Rucio manages data locality within a heterogeneous, federated storage ensemble: the Data Lake. Rucio does this by creating and removing file replicas in order to satisfy both various declarative rules and the capacity limits of the available storage services. Rules specify potentially complex criteria on where data should be located, optionally operating only for a limited duration, and with users allowed to add or remove rules at any time. Rucio also allows new data to receive rules automatically that dictate immediate data management activity. These sophisticated controls allow Rucio to support complex and dynamic data placement requirements.
Rucio provides a scalable solution that has operated in production for over a decade, managing petabytes of data and millions of files. Rucio supports globally distributed data centres, with corresponding monitoring, and analytics.

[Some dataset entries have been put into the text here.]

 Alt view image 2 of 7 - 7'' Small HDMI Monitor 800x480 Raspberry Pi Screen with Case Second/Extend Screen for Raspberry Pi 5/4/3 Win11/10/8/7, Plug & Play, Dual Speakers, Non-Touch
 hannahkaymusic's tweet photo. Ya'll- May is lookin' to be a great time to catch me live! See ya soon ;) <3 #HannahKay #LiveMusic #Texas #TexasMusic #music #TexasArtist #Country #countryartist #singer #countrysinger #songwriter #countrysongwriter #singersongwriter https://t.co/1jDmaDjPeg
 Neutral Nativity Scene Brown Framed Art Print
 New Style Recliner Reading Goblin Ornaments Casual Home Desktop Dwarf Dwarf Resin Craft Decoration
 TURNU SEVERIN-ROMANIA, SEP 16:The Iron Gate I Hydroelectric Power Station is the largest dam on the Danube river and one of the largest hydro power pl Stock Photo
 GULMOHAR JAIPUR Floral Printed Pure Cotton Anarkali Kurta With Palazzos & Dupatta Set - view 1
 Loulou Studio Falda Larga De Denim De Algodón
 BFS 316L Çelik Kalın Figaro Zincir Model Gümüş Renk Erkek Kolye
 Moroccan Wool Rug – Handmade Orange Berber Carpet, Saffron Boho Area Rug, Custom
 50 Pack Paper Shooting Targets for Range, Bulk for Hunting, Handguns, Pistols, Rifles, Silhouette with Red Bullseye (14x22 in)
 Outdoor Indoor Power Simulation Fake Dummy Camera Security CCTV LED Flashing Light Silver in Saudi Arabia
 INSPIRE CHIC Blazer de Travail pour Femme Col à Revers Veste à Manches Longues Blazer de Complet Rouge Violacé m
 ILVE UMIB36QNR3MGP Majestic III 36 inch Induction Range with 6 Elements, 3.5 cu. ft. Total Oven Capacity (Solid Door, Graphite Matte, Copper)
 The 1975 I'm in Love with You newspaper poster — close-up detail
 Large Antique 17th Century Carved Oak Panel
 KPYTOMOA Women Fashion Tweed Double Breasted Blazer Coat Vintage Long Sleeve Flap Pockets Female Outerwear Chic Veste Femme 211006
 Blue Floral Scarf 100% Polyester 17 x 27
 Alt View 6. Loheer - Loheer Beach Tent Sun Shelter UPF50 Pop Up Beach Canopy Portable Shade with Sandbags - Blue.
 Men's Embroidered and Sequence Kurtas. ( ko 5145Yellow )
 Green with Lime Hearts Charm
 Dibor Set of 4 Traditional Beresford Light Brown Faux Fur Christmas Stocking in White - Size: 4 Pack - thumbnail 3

When deployed, the Rucio software provides a service that allows a group of researchers to manage non-trivial amounts of data. For any given file, dataset (a collection of files), or container (a collection of files and datasets), it provides information on where that data is currently available. It also supports dynamic, time-limited data placement, with data being made available for some period (e.g., to support some computational workflow). It optimises the use of available storage by operating a cache, assuming that data that was previously used is more likely to be needed in the future. Desired data locality is expressed in terms of declarative rules. These rules may be applied both to existing datasets and anticipated, future data.